How to use precomputed distances in ELKI
Version information: Updated for ELKI 0.8.0
In many situations, computing the object distances will be a major part of the algorithm runtimes. If you have enough disk space, it may be desirable to compute the distances only once and store them on the harddisk.
ELKI comes with a number of classes related to precomputed distances:
- CacheDoubleDistanceInOnDiskMatrix
- CacheFloatDistanceInOnDiskMatrix
- DiskCacheBasedDoubleDistance
- DiskCacheBasedFloatDistance
- FileBasedSparseDoubleDistance
- FileBasedSparseFloatDistance
The first two are “applications”, i.e. standalone tasks that do nothing but precompute the distance matrix and write it to disk, using a binary file format (“DiskCache”) The last four are distance functions that access/load different input formats. The “FileBasedSparse” classes use a simpler, but much less efficient, ascii format.
Precomputing a distance matrix
A typical command line for precomputing a distance matrix will look like this:
java -cp elki.jar de.lmu.ifi.dbs.elki.application.cache.CacheDoubleDistanceInOnDiskMatrix -dbc.in inputfile.ascii -dbc.filter FixedDBIDsFilter -dbc.startid 0 -loader.diskcache matrix.dat -loader.distance CosineDistance
Using the FixedDBIDsFilter is only necessary if you need to offset values. However, I recommend using this filter whenever using precomputed distances to avoid indexing issues.
Note that you will need on the order of n * n / 2 * 8
bytes for a matrix storing doubles, and half of that for float distances. As a rule of thumb, 32000 objects with double precision will use about 4 GB (which may be an operating system limit!)
Using a precomputed (binary) distance matrix
To use the precomputed distance matrix, set the following parameters
-dbc.filter FixedDBIDsFilter -dbc.startid 0 -algorithm.distancefunction external.DiskCacheBasedDoubleDistance -distance.matrix matrix.dat
Note that you really should set the FixedDBIDsFilter, in particular when using the MiniGUI. Otherwise, a second run will use different object IDs and will likely produce errors because the matrix does not store the desired distances!
You need to choose the appropriate class for the data precision you generated the matrix with: Double for double precision matrixes, Float for float precision matrixes. It may be possible to use 4 GB matrixes on systems with less than 4 GB of memory, as the matrixes are mapped into memory by the operating system, instead of using physical memory.

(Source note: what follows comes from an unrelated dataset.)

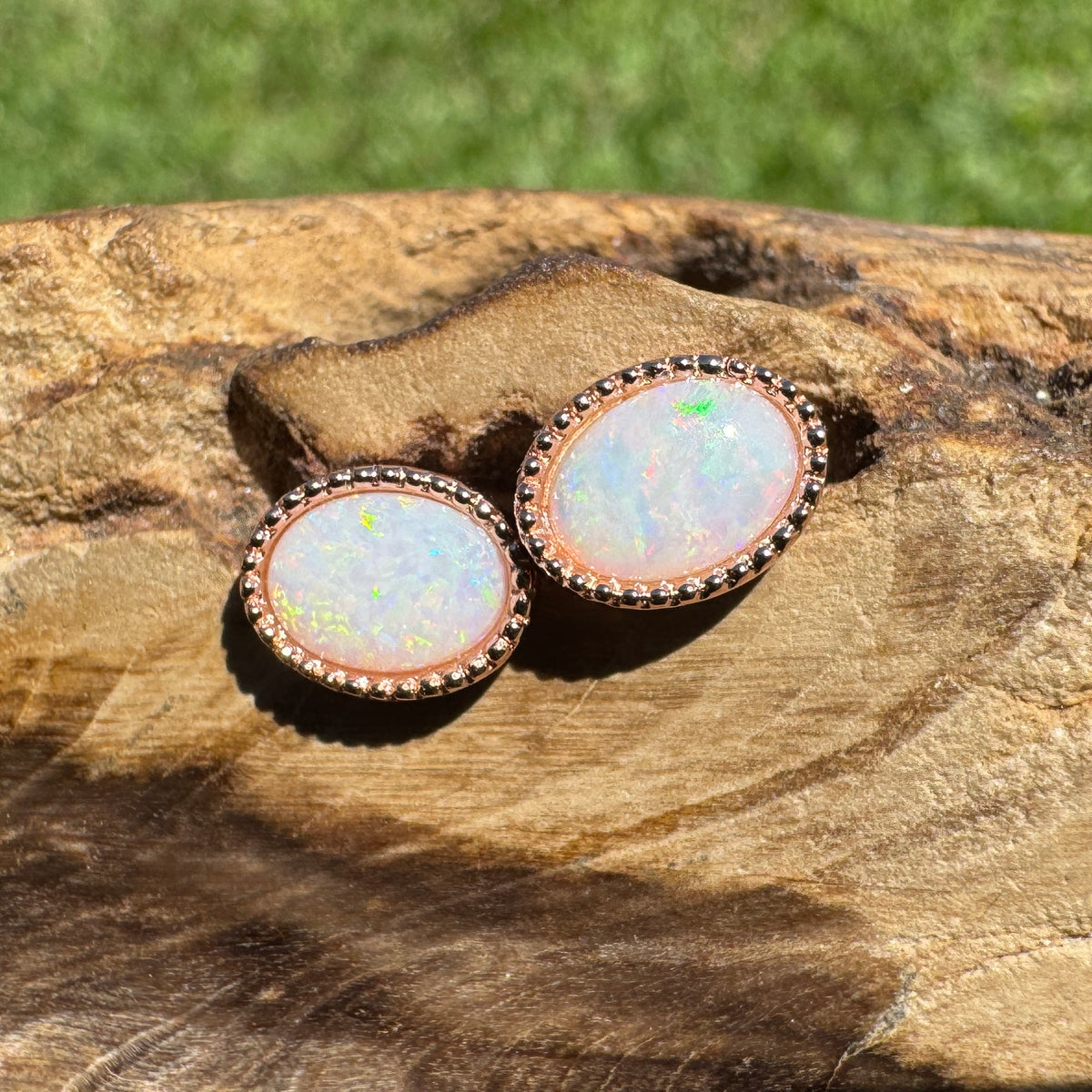1.2ct Coober Pedy Opal Stud Earrings ~ 'Victor Harbor Glow' | Rose Gold Coated 925 Sterling Silver | Solid Australian Opal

Using an external distance
The binary matrix format used by ELKI (actually an upper triangle matrix) is not meant to be written by third party programs. You can use the ELKI classes to produce a compatible matrix, or implement a custom distance function. The simplest way of getting external distance information into ELKI however is to use a text based distance matrix.

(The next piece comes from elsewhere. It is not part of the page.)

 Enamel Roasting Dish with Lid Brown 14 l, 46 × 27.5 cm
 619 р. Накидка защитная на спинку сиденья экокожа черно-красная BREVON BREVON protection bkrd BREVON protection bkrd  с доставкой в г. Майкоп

This will however need more memory than the binary format above, which can be mapped directly from the file system, thus this approach is really meant for using external distance information.
require a different amount of Java memory, while they use the same input format (this is different from the distance matrixes above, which actually use a different file format).
The default file format is ascii text, three columns, where the first two columns store the object IDs, and the third column the distance. The line
0 1 0.12345
thus specifies that the objects 0 and 1 have a distance of 0.12345. Details can be found in the class AsciiDistanceParser, or you can provide your own implementation of the DistanceParser interface.
Note that the current implementation requires you to also specify the distance from an object to itself.
In order to specify the exact meaning of the object numbers, you need to use the FixedDBIDsFilter!
Here are the key parameters needed for using a text based distance matrix:
-dbc.filter FixedDBIDsFilter -dbc.startid 0 -algorithm.distancefunction external.FileBasedSparseDoubleDistance -distance.matrix /tmp/simple.ascii
Using without primary data
Even when reading an external distance, ELKI will still need to get regular input data. In particular when just using this to precompute distances, this makes perfect sense. However, sometimes you don’t need this. In order to not load the original data, you can use the fake data source
-dbc DBIDRangeDatabaseConnection -idgen.count 100
where you only need to specify the number of objects you have in your distance matrix.
Furthermore, the visualization cannot work. Use -resulthandler ResultWriter
to output the results into files, or implement a custom result handler for your preferred output format.